Jeff,
Thank you for pointing the error. Not sure what I was thinking when I
wrote cardinality as the denominator.
My concern in the following code is that the total is divided by
numPoints. For a term, only few of the numPoints vectors have
contributed towards the weight. Rest had the value set to zero. That
drags down the average and it much more pronounced in a large set of
sparse vectors.
For example, consider following doc vectors.
v1 : [0:3, 1:6, 2:0, 3:3]
v2:[0:3, 1:0, 2:0, 3:6]
v3: [0:0, 1:0, 2:3, 3:0]
The centroid will be :
Centroid: [0:2, 1:2, 2:1, 3:3]
The problem I face with existing centroid calculation is out of 100k
documents, only a few thousand (or even lower) documents contribute
the weight of a term. When that weight is divided by 100k, the weight
comes very close to zero.
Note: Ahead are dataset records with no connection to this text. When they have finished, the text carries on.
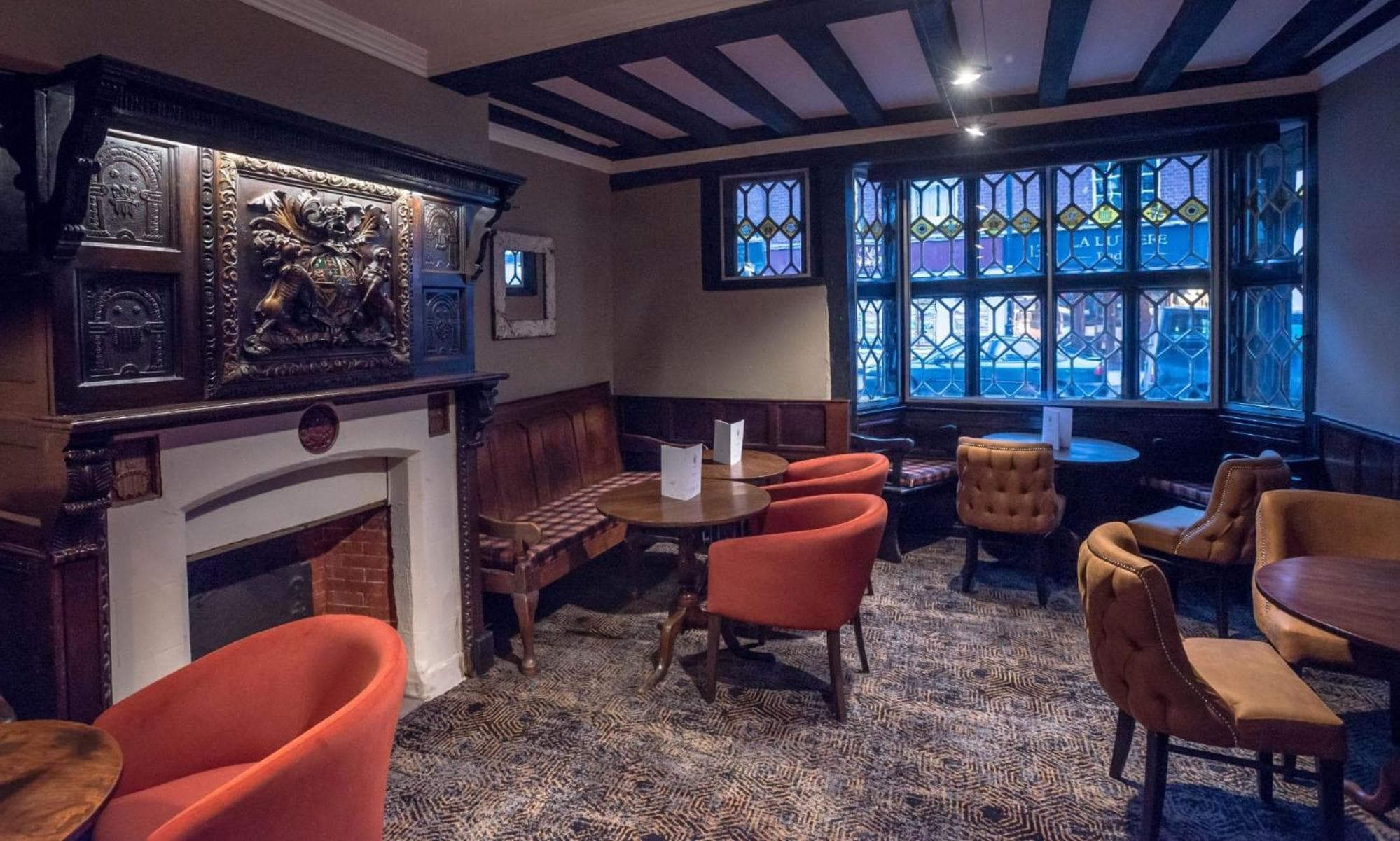 The Feathers Hotel photo 7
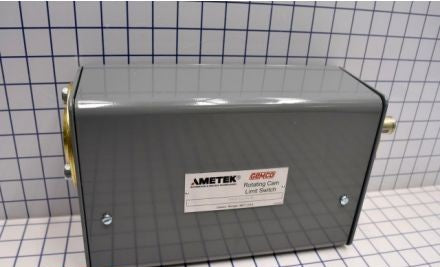 Gemco Limit Switches 1980-107-R-DP-X - LIMIT SWITCH (1980107RDPX)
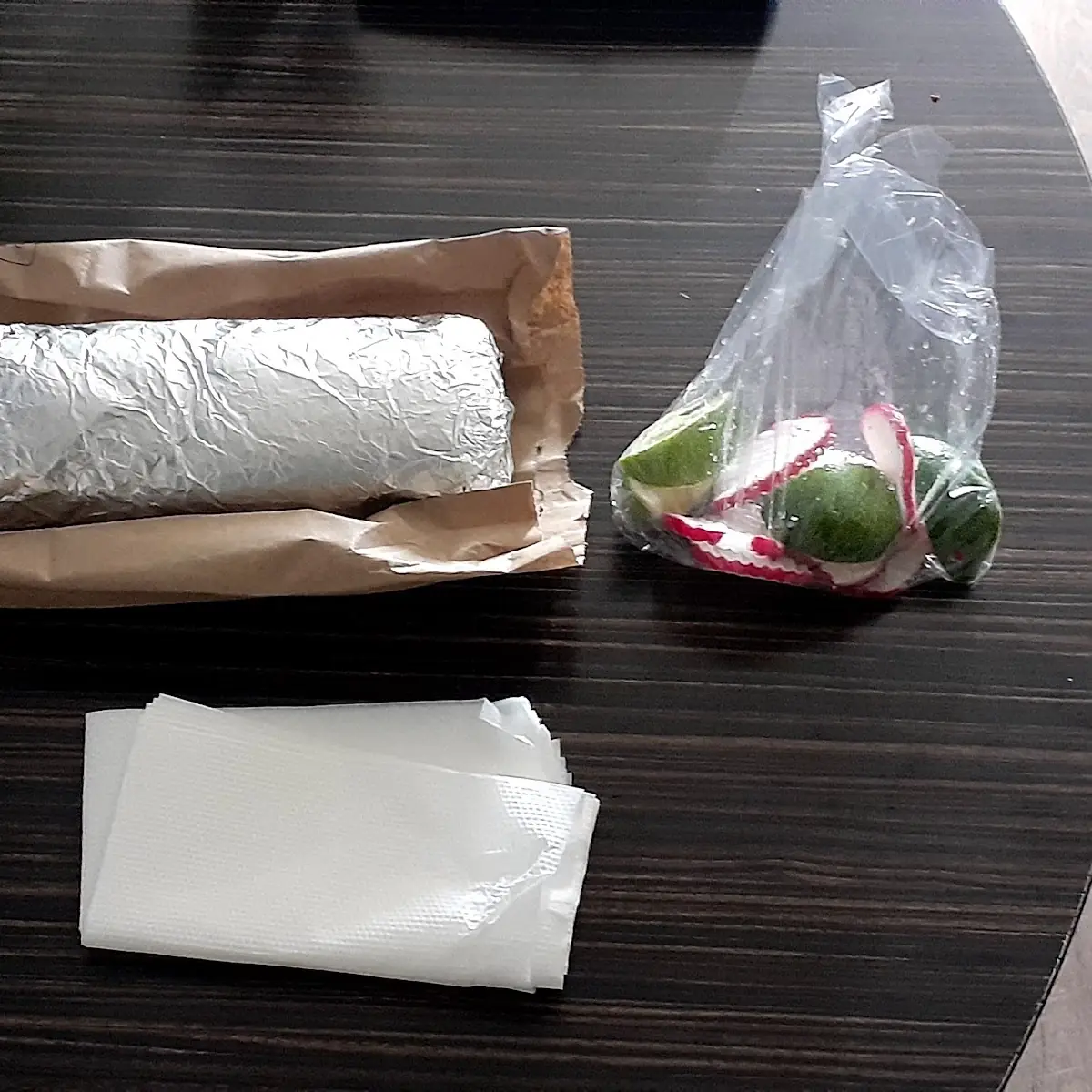 Burrito Supreme Asada Burrito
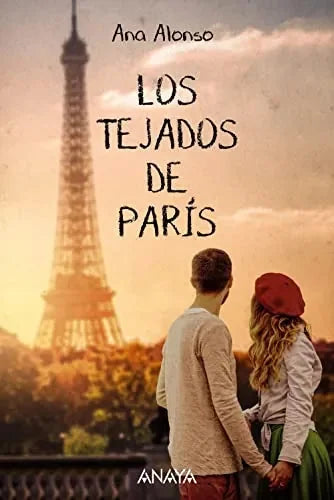 Libro Los Tejados De Paris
I am looking for ways to avoid that.
If we consider only nonzero values, centroid will be
Centroid: [0:3, 1:6, 2:3, 3:4.5]
Is this centroid "better" if we are considering a large number of
sparse vectors?
shashi
On Thu, May 28, 2009 at 7:59 AM, Jeff Eastman
<jdog@windwardsolutions.com> wrote:
> Hi Shashi,
>
> I'm not sure I understand your issue. The Canopy centroid calculation
> divides the individual term totals by the number of points that have been
> added to the cluster, not by the cardinality of the vector:
>
> public Vector computeCentroid() {
> Vector result = new SparseVector(pointTotal.cardinality());
> for (int i = 0; i < pointTotal.cardinality(); i++)
> result.set(i, pointTotal.get(i) / numPoints);
> return result;
> }
>
> Am I misinterpreting something?
> Jeff
>
> Shashikant Kore wrote:
>>
>> Hi,
>>
>> To calculate the centroid (say in Canopy clustering) of a set of
>> sparse vectors, all the nonzero weights are added for each term and
>> then divided by the cardinality of the vector. Which is the average of
>> weights of a term in all the vectors.
>>
>> I have sparse vectors of cardinalty of 50,000+, but each vector has
>> only couple of hundreds of terms. While calculating centroid, for
>> each term, only few hundred documents with nonzero term weights
>> contribute to the total weight, but since it is divided by the
>> cardinalty(50,000), the final weight is miniscule. This results into
>> small document being marked closer to the centroid as they have fewer
>> terms in them. The clusters don't look "right."
>>
>> I am wondering if the term weights of centroid should be calculated by
>> considering only the nonzero elements. That is, if a term has occurs
>> in 10 vectors, then the weight of the term in centroid is the average
>> of these 10 weight values. I couldn't locate any literature which
>> specifically talks about the case of sparse vectors in centroid
>> calculation. Any pointers are appreciated.
>>
>> Thanks,
>> shashi
>>
>>
>